* WORK ORDER *
Every line of the listing must be reproduced as it stands. Leave the images behind.

* INPUT DATA *
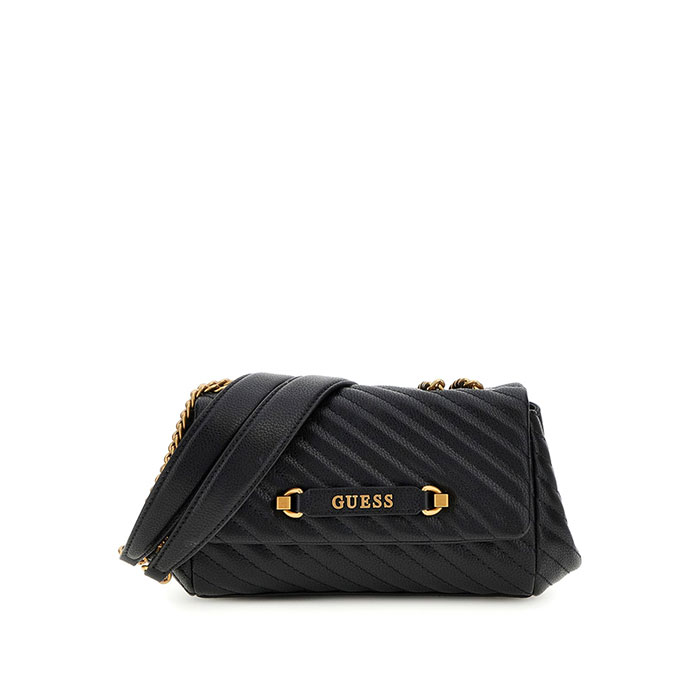 Guess Bolso Bandolera Sela Solapa Negro | Comprar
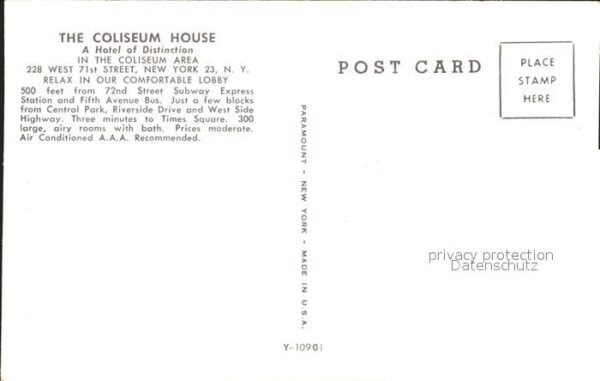 New York City Coliseum House Hotel – Bild 2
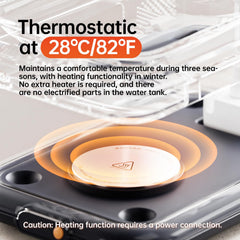 PETSEE thermostatic heating maintains comfortable water temperature
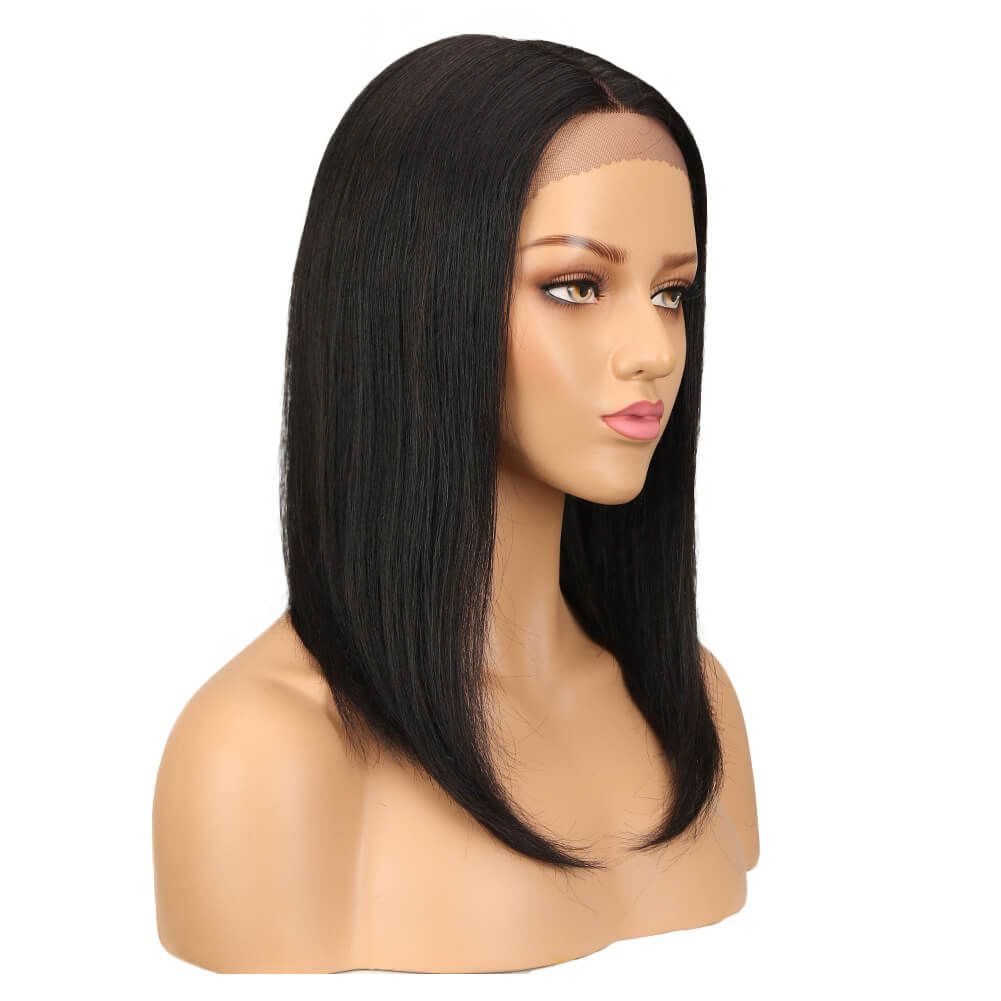 QVR Lace Front Human Hair Wigs 16 Inches Short Straight Wigs For Black Women | Page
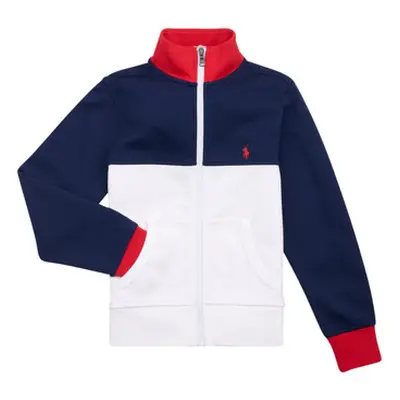 Polo Ralph Lauren FZ TRACK JKT-KNIT SHIRTS-SWEATSHIRT boys's Children's Tracksuit jacket in Mult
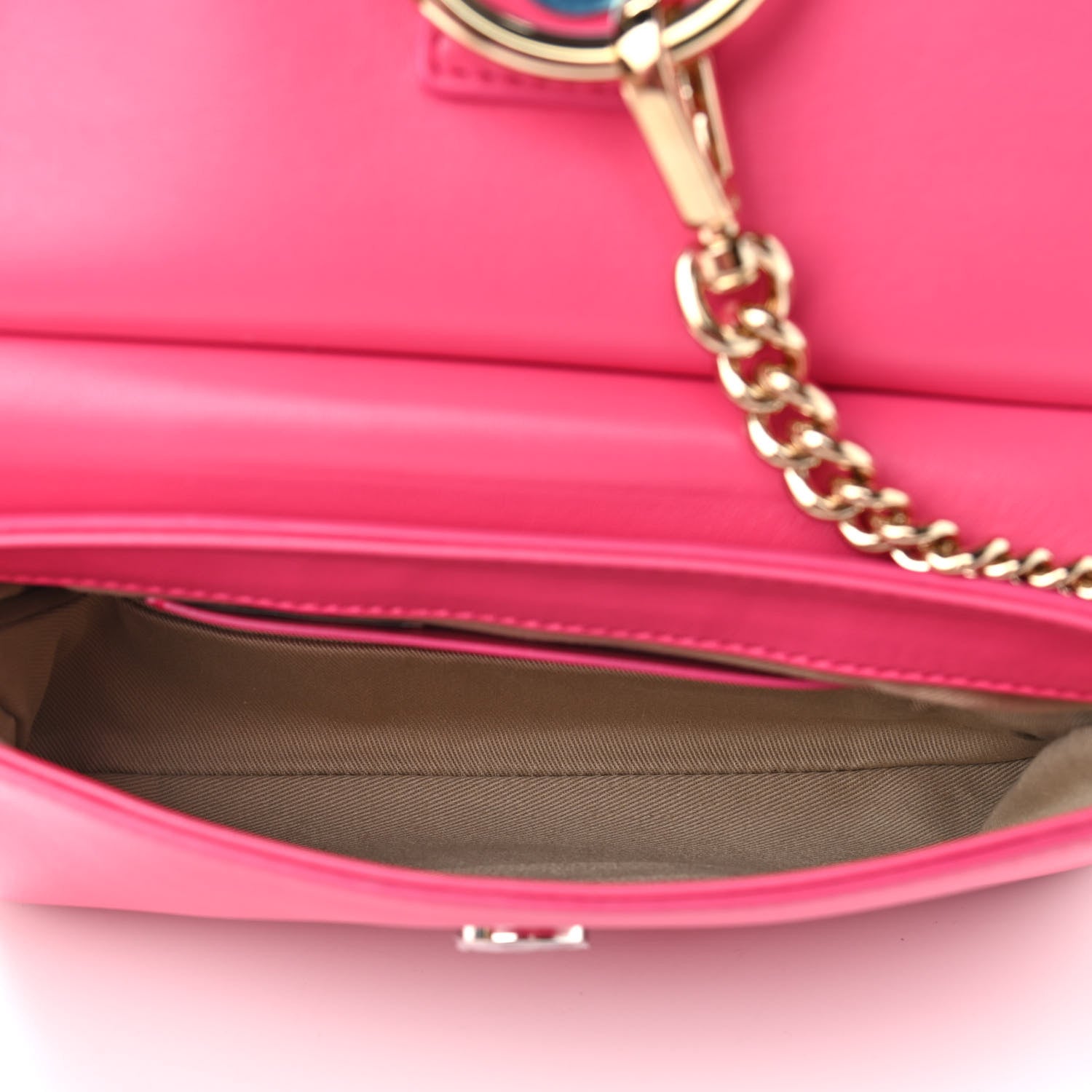 Chloe Lambskin Small Faye Top Handle Bag Hot Pink 5 of 8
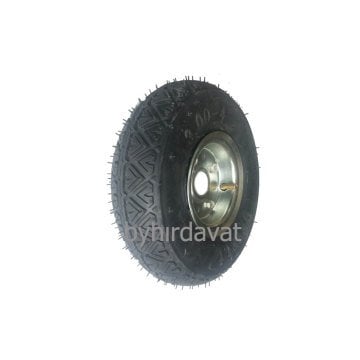 4.10-4/3.50-4 Göbek 30 mm HAVALI TEKER METAL JANTLI 3.00-4-260*85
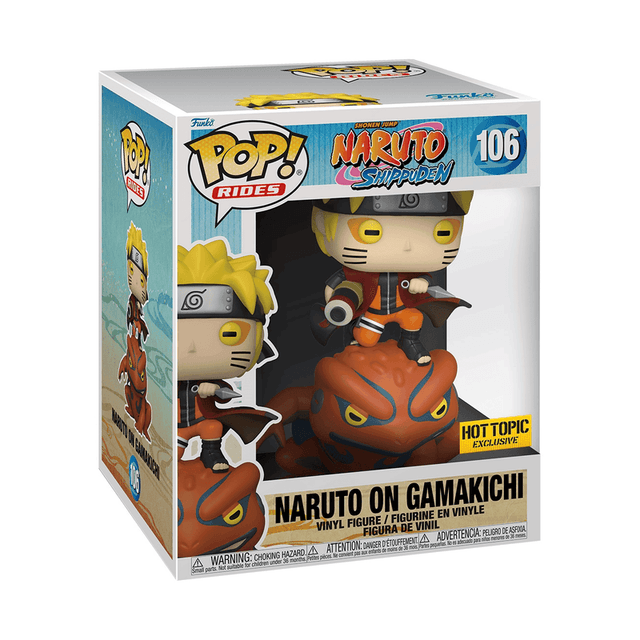 naruto on gamakichi hot topic yellow background 106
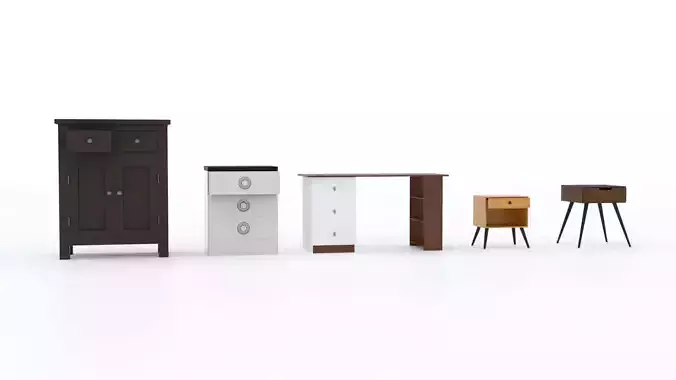 Cabinet 3D Model Collection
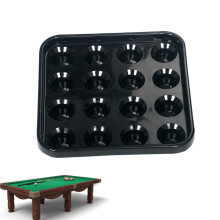 Billiard Table Ball Tray  ABS Billiard Ball Carry Tray  16 Hole Pool Ball Tray, Billiard Ball Holder, Snooker Ball Storage Tray Black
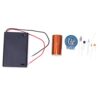 Mini Coil Battery Powered No Arc Remote Ignition Electronic DIY Kit Safe PCB Integrated Primary Coil for Student Experiments Course Design High Strength PVC Frame 2cm Skeleton (Spare Parts)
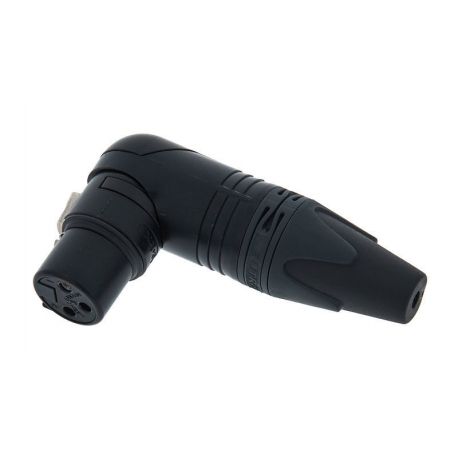 NEUTRIK NC3FRX-BAG CONECTOR XLR HEMBRA AEREA 3P ACODADO CARCSA NEGRA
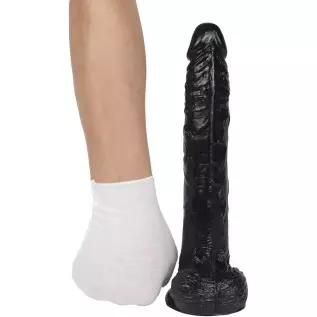 SOFTTOYS - The Long Johnson - Adult Toy 100% Lifelike and Huge and 100% Feels Like Skin with Strong Suction Cup for Hands-Free G
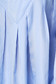 Kék hétköznapi rövid bő szabású ruha v-dekoltázzsal rugalmatlan pamutból 4 - StarShinerS.hu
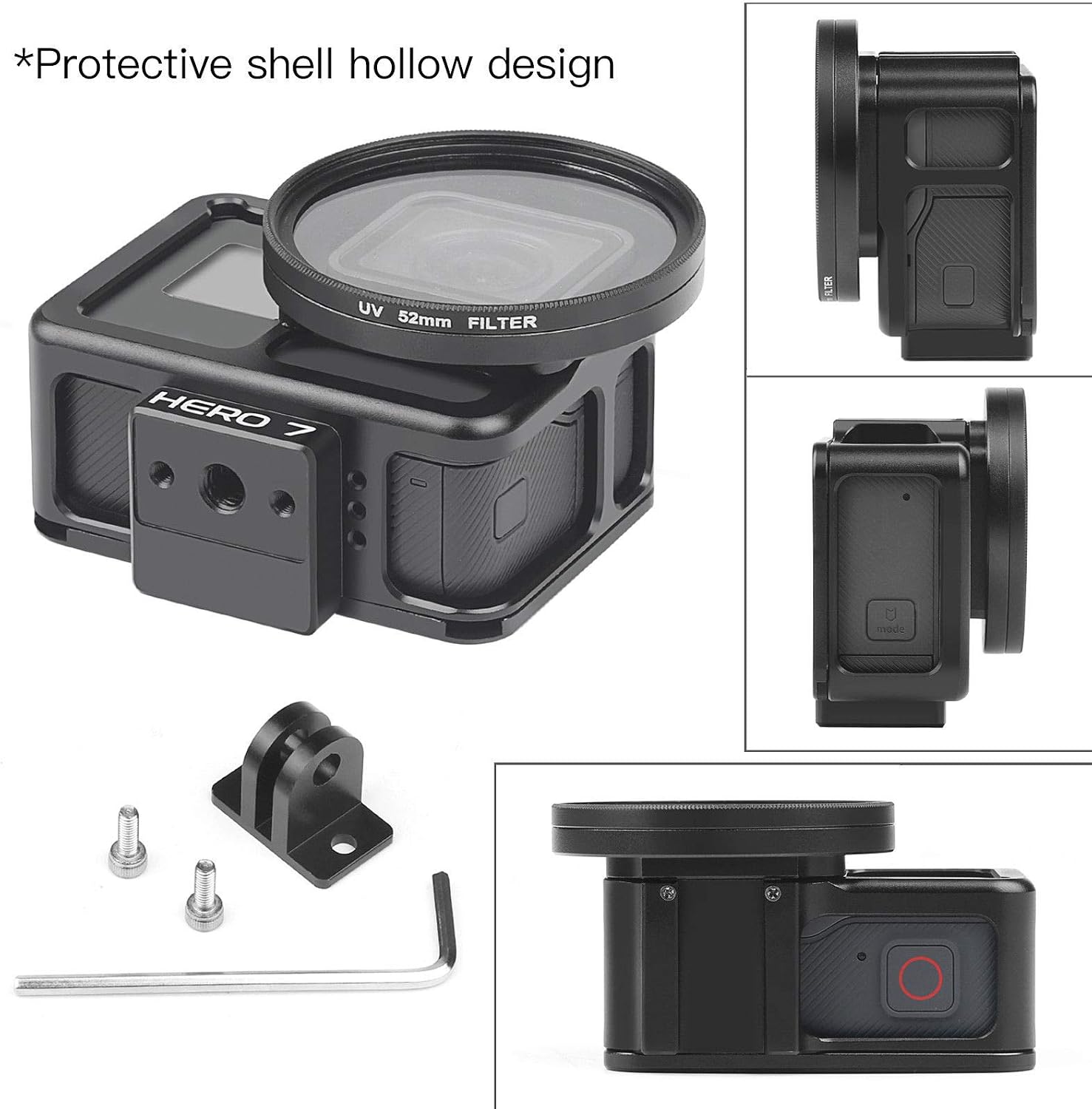 Yangers Aluminium Alloy Protective Housing Case for GoPro Hero 7 Black 6 5 Action Camera - Image 4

* EXERCISE OUTPUT *
 Guess Bolso Bandolera Sela Solapa Negro | Comprar
 New York City Coliseum House Hotel – Bild 2
 PETSEE thermostatic heating maintains comfortable water temperature
 QVR Lace Front Human Hair Wigs 16 Inches Short Straight Wigs For Black Women | Page
 Polo Ralph Lauren FZ TRACK JKT-KNIT SHIRTS-SWEATSHIRT boys's Children's Tracksuit jacket in Mult
 Chloe Lambskin Small Faye Top Handle Bag Hot Pink 5 of 8
 4.10-4/3.50-4 Göbek 30 mm HAVALI TEKER METAL JANTLI 3.00-4-260*85
 naruto on gamakichi hot topic yellow background 106
 Cabinet 3D Model Collection
 Billiard Table Ball Tray  ABS Billiard Ball Carry Tray  16 Hole Pool Ball Tray, Billiard Ball Holder, Snooker Ball Storage Tray Black
 Mini Coil Battery Powered No Arc Remote Ignition Electronic DIY Kit Safe PCB Integrated Primary Coil for Student Experiments Course Design High Strength PVC Frame 2cm Skeleton (Spare Parts)
 NEUTRIK NC3FRX-BAG CONECTOR XLR HEMBRA AEREA 3P ACODADO CARCSA NEGRA
 SOFTTOYS - The Long Johnson - Adult Toy 100% Lifelike and Huge and 100% Feels Like Skin with Strong Suction Cup for Hands-Free G
 Kék hétköznapi rövid bő szabású ruha v-dekoltázzsal rugalmatlan pamutból 4 - StarShinerS.hu
 Yangers Aluminium Alloy Protective Housing Case for GoPro Hero 7 Black 6 5 Action Camera - Image 4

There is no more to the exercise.